THE DATA>
= = = = = = =

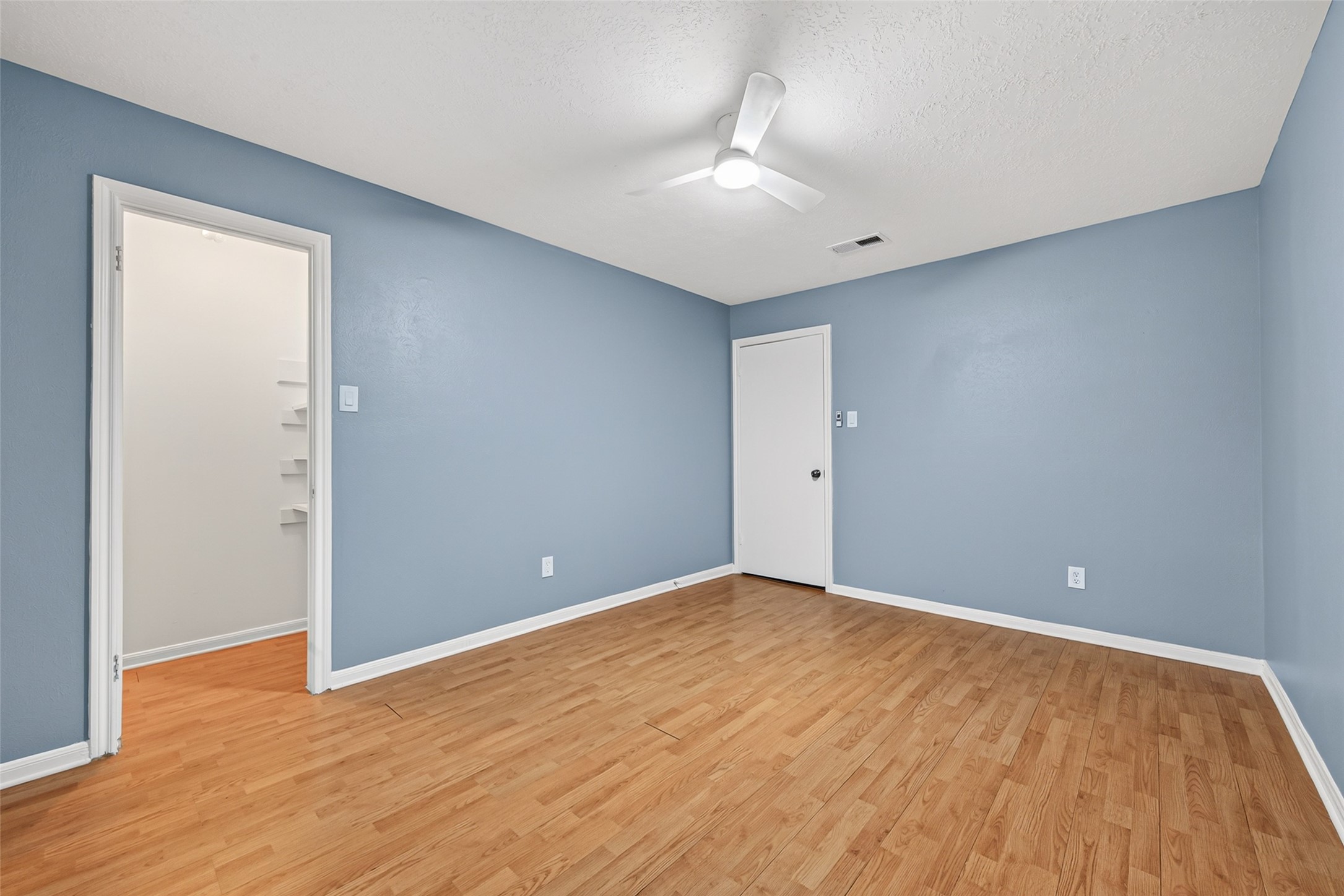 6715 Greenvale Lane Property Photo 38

= = = = = = =

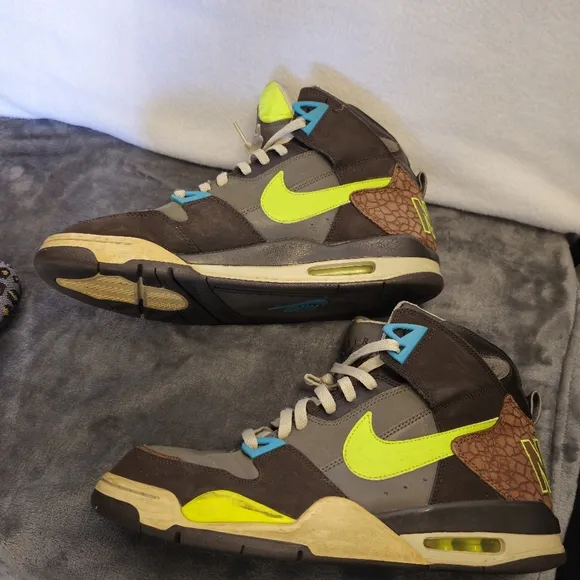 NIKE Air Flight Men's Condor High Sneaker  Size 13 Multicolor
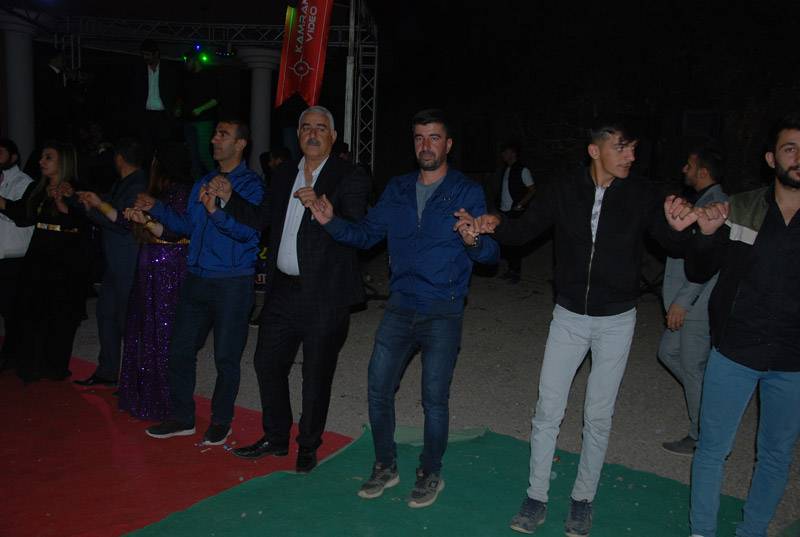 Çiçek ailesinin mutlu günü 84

= = = = = = =

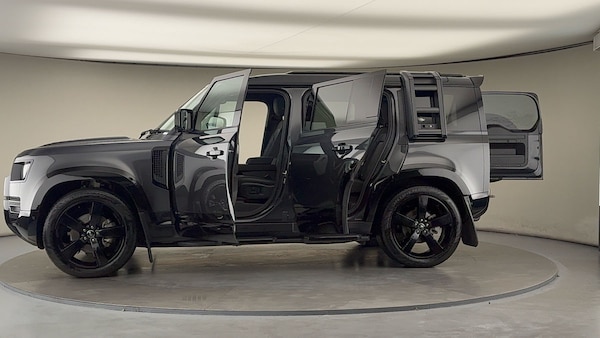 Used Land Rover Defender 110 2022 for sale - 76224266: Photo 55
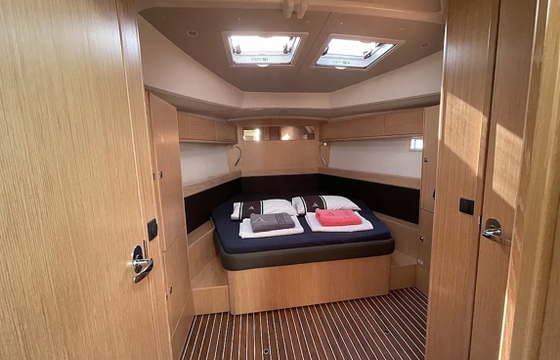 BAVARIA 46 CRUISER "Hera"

= = = = = = =

TASK ITEM> In the data above, retype only the stretch from the line with "NIKE Air Flight" through the line with "Çiçek ailesinin mutlu günü 84", word for word, and skip any pictures.

YOUR SOLUTION>
 NIKE Air Flight Men's Condor High Sneaker  Size 13 Multicolor
 Çiçek ailesinin mutlu günü 84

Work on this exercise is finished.